L’essai Regard sur la jeune littérature wallonne (Bruxelles, G. Van
Campenhaut, 1937) prolonge et précise le rapport Du renouvellement des
sources d'inspiration dans la poésie wallonne présenté par Emile
Lempereur au Congrès de littérature et d'art dramatique wallon de Charleroi
(1933). Ce rapport n'était que la cristallisation d'une tendance nouvelle chez
certains écrivains wallons. Ici, quatre ans après le Congrès, triomphent ses
idées rénovatrices décantées. Il détermine les deux problèmes rencontrés
par un jeune auteur wallon : d'abord, si la littérature nationale doit
constamment évoluer, une littérature dialectale doit concilier la tradition
avec l'indispensable évolution, ensuite, seule la fusion entre « qualité
générale de l'individu » et appartenance à SA culture peut amener
l'artiste à se réaliser pleinement. En fait Regard sur la jeune
littérature wallonne est un manifeste en faveur de l'Action littéraire
interprovinciale wallonne dont l'auteur est le secrétaire. L'association
créée à Liège en octobre 1934, accueille les acteur de la
« rénovation en poésie dialectale » comme Gabrielle Bernard
(1893-1963, poétesse Moustiéroise), Willy Bal (1916, de Jamioulx), Louis
Lecomte (1900-1977, de Châtelineau) et Fernand Stévart (secrétaire de l'Union
des fédérations littéraires et dramatiques wallonnes). Emile Lempereur va
également décrire dans cet ouvrage (p. 202), les objectifs de cette
association d'auteurs : interpénétration plus effective des mouvements
littéraires wallons, action d'ensemble en vue d'une plus large diffusion des
oeuvres, développement d'un mouvement « plus humain que
littéraire » d'une littérature plus universelle mêlée intimement à la
« vie actuelle », rapprochement avec les autres littératures
dialectales d'essence latine. Enfin, il regrette que la Wallonie n'ait pas
encore réussi (en 1936) à se créer une tradition savante et littéraire
propre, bien que les dialectes wallons aient donné naissance à une
littérature écrite riche comparable aux littératures provençale ou bretonne.

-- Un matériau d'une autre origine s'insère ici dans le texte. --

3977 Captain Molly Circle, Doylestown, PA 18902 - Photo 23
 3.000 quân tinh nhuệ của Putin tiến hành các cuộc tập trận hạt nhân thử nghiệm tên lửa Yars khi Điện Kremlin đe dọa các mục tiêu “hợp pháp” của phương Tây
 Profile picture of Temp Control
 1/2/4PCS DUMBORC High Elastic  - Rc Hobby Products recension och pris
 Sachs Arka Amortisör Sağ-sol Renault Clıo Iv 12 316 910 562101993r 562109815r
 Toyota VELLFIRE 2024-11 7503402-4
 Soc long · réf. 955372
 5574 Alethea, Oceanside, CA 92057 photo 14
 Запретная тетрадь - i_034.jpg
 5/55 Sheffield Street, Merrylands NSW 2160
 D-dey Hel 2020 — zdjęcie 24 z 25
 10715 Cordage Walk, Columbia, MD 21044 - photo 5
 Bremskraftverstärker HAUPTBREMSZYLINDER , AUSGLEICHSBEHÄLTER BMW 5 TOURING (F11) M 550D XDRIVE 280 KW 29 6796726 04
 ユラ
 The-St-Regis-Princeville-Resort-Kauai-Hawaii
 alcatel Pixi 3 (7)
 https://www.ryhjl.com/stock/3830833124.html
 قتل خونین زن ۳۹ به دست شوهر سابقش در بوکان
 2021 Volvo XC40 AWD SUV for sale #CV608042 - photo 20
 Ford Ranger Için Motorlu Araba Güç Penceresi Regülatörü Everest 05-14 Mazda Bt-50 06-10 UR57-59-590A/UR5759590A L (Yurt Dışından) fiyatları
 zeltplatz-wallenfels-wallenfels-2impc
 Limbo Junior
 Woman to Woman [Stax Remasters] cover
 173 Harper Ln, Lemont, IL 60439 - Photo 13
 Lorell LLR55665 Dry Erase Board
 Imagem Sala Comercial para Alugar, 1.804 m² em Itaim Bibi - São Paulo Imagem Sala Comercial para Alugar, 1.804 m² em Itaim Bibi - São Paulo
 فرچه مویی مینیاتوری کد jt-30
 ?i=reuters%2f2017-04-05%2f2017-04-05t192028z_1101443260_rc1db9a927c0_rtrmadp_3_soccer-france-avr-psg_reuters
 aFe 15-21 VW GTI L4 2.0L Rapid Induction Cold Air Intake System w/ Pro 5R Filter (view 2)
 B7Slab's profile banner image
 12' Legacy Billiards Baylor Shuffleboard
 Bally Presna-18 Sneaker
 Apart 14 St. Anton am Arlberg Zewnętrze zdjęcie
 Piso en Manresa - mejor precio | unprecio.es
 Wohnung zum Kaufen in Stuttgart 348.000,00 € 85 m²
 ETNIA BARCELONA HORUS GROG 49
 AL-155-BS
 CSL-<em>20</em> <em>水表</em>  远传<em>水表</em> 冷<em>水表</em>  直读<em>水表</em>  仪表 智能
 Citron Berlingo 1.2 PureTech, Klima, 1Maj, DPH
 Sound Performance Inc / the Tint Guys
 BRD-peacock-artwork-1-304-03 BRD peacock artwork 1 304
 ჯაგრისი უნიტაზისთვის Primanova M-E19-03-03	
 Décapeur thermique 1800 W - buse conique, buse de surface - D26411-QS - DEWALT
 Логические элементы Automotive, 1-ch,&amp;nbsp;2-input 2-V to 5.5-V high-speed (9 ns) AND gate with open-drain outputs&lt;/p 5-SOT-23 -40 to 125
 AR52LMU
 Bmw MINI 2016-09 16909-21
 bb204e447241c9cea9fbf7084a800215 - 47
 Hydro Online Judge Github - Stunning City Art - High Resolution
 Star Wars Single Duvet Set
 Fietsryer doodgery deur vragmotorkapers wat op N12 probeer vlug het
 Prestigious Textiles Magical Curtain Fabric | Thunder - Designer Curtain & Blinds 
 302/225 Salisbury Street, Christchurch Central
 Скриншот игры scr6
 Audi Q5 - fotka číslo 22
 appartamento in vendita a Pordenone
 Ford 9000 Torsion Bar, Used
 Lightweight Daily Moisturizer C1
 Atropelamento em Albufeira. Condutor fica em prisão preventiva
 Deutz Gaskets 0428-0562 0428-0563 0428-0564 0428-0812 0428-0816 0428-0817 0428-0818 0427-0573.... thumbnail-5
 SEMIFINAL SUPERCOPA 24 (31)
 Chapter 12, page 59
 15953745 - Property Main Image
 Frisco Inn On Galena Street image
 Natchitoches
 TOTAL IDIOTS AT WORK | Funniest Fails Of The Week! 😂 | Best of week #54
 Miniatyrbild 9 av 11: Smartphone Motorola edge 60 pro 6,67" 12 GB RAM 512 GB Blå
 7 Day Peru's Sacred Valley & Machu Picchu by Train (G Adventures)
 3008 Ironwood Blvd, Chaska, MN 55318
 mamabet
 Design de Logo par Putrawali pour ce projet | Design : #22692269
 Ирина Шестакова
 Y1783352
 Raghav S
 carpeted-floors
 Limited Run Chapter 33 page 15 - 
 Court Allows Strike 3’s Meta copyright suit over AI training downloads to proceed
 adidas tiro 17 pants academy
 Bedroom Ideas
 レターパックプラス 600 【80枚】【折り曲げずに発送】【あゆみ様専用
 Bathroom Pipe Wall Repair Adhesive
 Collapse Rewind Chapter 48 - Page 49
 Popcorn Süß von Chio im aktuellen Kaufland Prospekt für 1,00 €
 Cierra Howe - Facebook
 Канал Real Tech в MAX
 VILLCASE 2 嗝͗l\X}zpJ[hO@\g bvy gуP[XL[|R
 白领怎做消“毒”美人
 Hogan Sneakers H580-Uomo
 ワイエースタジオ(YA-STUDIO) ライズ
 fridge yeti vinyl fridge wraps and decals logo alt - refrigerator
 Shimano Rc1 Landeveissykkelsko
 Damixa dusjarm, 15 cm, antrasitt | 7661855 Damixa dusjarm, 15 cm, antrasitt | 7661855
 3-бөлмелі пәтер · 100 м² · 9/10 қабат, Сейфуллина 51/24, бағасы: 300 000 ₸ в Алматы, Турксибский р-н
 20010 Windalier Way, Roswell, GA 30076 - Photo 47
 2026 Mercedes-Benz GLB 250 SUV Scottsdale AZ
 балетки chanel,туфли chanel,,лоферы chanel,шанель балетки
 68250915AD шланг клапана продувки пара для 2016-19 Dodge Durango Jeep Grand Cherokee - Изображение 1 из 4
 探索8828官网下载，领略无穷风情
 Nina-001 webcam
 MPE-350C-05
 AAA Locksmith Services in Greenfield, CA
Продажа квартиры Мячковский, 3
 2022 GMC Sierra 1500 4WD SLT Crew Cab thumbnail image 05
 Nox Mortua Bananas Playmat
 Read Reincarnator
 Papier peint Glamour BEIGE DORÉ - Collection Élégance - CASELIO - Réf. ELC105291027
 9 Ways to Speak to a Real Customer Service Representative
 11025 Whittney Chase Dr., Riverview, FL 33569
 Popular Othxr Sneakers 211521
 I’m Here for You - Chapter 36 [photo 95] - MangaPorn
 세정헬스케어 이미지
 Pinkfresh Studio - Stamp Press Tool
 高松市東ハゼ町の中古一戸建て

Il fait sienne l'idée de l'écrivain carolorégien Elie Baussart (1887-1965,
fondateur de Terre wallonne), que la culture wallonne est plus
« sentie » qu'historiquement définie.
Emile LEMPEREUR, Les écrivains du canton de Châtelet, Charleroi, Pierre
Héraly, 10 juin 1943, 61 p.
Les écrivains du canton de Châtelet
(Charleroi, Pierre Héraly, 10 juin 1943) est scindé en deux parties totalement
différentes : un très utile dictionnaire biographique auquel est joint un
choix de textes et un essai qui retrace sommairement l'histoire culturelle,
littéraire et artistique de la ville. Emile Lempereur (caricaturé p. 3) tente
d'y découvrir comment une « petite ville de province » a pu, sans
être un puissant foyer de culture, voir naître et se développer un riche
mouvement artistique. Il y répond en « intellectuel curieux » et en
« régionaliste fervent ». Mais le contexte historique dans lequel
est rédigé cet essai est essentiel. En pleine occupation allemande (texte
daté de juin 1941-août 1942, bien que publié en 1943), l’auteur rapatrié
en juin 1941 du stalag 2c écrit, comme dans ses oeuvres d'avant-guerre
« en humble hommage à la pensée romane » et essaie de
participer à l'éveil de la conscience wallonne. Il réalisera ces projets dans
la mesure de ses moyens en créant avec E. Wartique l'Aide aux écrivains
wallons et avec Maurice Bologne la Section culturelle du Conseil économique
clandestin de l'ouest wallon (1943) qui deviendra la section carolorégienne de
l'Association pour le progrès intellectuel et artistique de Wallonie (APIAW).